Pazar, Ekim 12, 2025

Haftanın En Çok Okunanları

Son Yazılar

Hepimiz Prensesiz

Küçükken dinlemeyi ve okumayı çok sevdiğim masallar vardı. Özellikle prenseslerle ilgili olanlar çok hoşuma gidiyordu. Ama “Prenses ve Bezelye Tanesi” masalı bana ne anlamlı ne de eğlenceli geliyordu.

Masalda, oğluyla evlenmesi için gerçekten soylu, kibar bir prenses arayan bir kraliçe vardır. Kraliçe, bir gün fırtınaya yakalandığı için kapısına gelen ve prenses olduğunu söyleyen genç bir kızı sarayına alır. Onun gerçekten prenses olup olmadığını anlayabilmek için üst üste yirmi döşek ve yirmi tane minderden oluşan bir yatak hazırlatır, en altına da küçük bir bezelye tanesi yerleştirir. Kız tam da kraliçenin istediği gibi o küçücük bezelye tanesinden rahatsız olur ve tüm gece hiç uyuyamadığını söyler. Böylece gerçek bir prenses olduğu anlaşılmış olur.

Peki, prensesin kocaman güzel bir yatağın altındaki küçücük bir bezelye tanesine takılması gerçekten takdir edilmesi gereken bir şey midir?

Gerçek Dünyadaki Bezelyeler

Bu masalı çok da sevmememin sebebi, prensesin bezelyeden rahatsız olmasını ve bunu söylemesini garip bulmamdı. Üstelik kraliçenin beklediği de buydu. Fakat masalı sadece bir masal olarak değil, gerçek hayatla bağlantı kurarak okuyunca aslında bizim de gerçek hayattaki bezelyelere ne kadar çok takıldığımızı fark ettim.

Bu küçük konforsuzluklar bizi kimi zaman yalnızca şikâyet etmeye kimi zaman da kocaman rahat yatağı görmezden gelmeye itebiliyor. Bazen küçük konforsuzlukları deneyimlemeye zaman kalmadan onlara maruz kalma fikri bile bizi herhangi bir şey yapmaktan alıkoyabiliyor.

1907 yılında Robert Yerkes ve John Dodson yaptıkları deneye dayanarak bir yasa ortaya atıyor. Farelerin kullanıldığı bu deneyle anksiyete ve performans arasındaki ilişkiyi ortaya koymayı amaçlıyorlar.
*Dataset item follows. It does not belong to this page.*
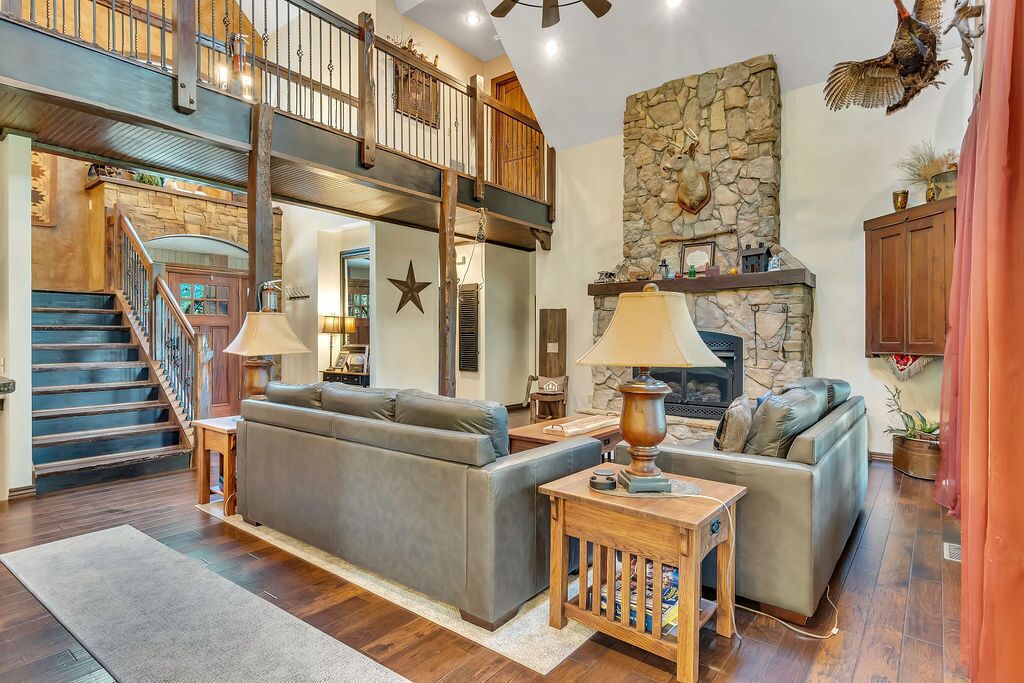 Privacy-On 40 Acres-Near TableRock Boat Launch-Games-Stunning Views-New Cmnty Pool-Car Charger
Farelere belli bir düzeye kadar elektrik şoku veriliyor ve önlerindeki labirenti tamamlamaları bekleniyor. Şokun yoğunluğu arttıkça performansın yükseldiğini gözlemliyorlar — ancak belli bir düzeye kadar. Yoğunluk bu sınırı aştığında bu sefer performansları gittikçe düşüyor.

Yerkes-Dodson Yasası da böylece ortaya çıkmış oluyor. Bu yasada uyarılma seviyesine göre üç farklı alan tanımlanıyor: sıkılma, kaygı ve panik. Sıkılma alanında uyarılma arttıkça ilgide artma, panik alanında ise uyarılma arttıkça başarıda düşme gözlemleniyor. En iyi düzey ise kaygı alanının tam ortası olarak tanımlanıyor (Page, 2020).
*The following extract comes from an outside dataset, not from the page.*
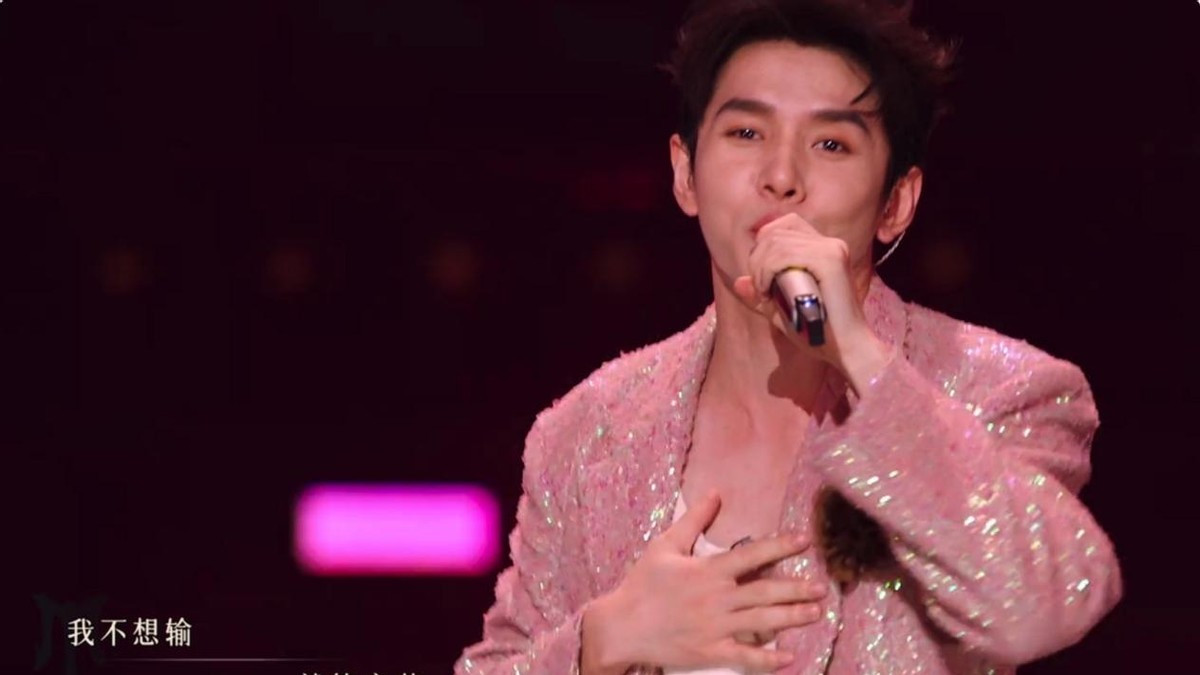 皮肤粗糙、脸上坑坑洼洼，《披哥4》李佳琦的生图暴露人间真实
Buradan çıkarabileceğimiz sonuç, küçük konforsuzlukların her zaman olumsuz olmadığı, aksine onlardan duyduğumuz belli düzeydeki kaygının performansımızı yükseltmede etkili olduğudur.

Konfor Alanımız

Artık hepimiz konfor alanı kavramına aşinayız. Kısaca kendimizi rahat ve güvende hissettiğimiz, içinden çıkmaktan korktuğumuz bölge olarak tanımlayabiliriz. Bu, her zaman somut bir yer olmayabilir; bazen bazı hisler, alışkanlıklar da bizim konfor alanımızdır.
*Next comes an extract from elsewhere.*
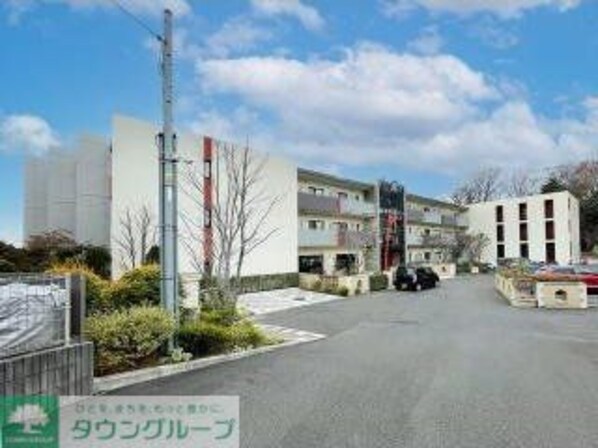 CRESCENT COURTの物件内観写真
Özellikle hisler ve alışkanlıklar söz konusu olduğunda, bize hiçbir faydası olmasa hatta zarar bile verse sırf tanıdık geldiği için onları bırakamadığımız durumlar söz konusu olabilir.

Bilmediğimiz herhangi bir şeyin bizi korkutması doğaldır fakat yaşanacak küçük rahatsızlıklar yüzünden büyük gelişimleri bir kenara atmak bize her anlamda zarar verebilir.

Konfor alanı ve kişisel gelişim ilişkisinin temelinde, insanın güvenli alanından çıkma cesareti vardır. Konfor bölgesi ve oradan çıkınca karşımıza çıkacaklarla ilgili çok yaygın bir şema var.

Bu şemaya göre, konfor alanının ardından sırasıyla korku bölgesi, öğrenme bölgesi ve gelişim bölgesi bizi karşılıyor.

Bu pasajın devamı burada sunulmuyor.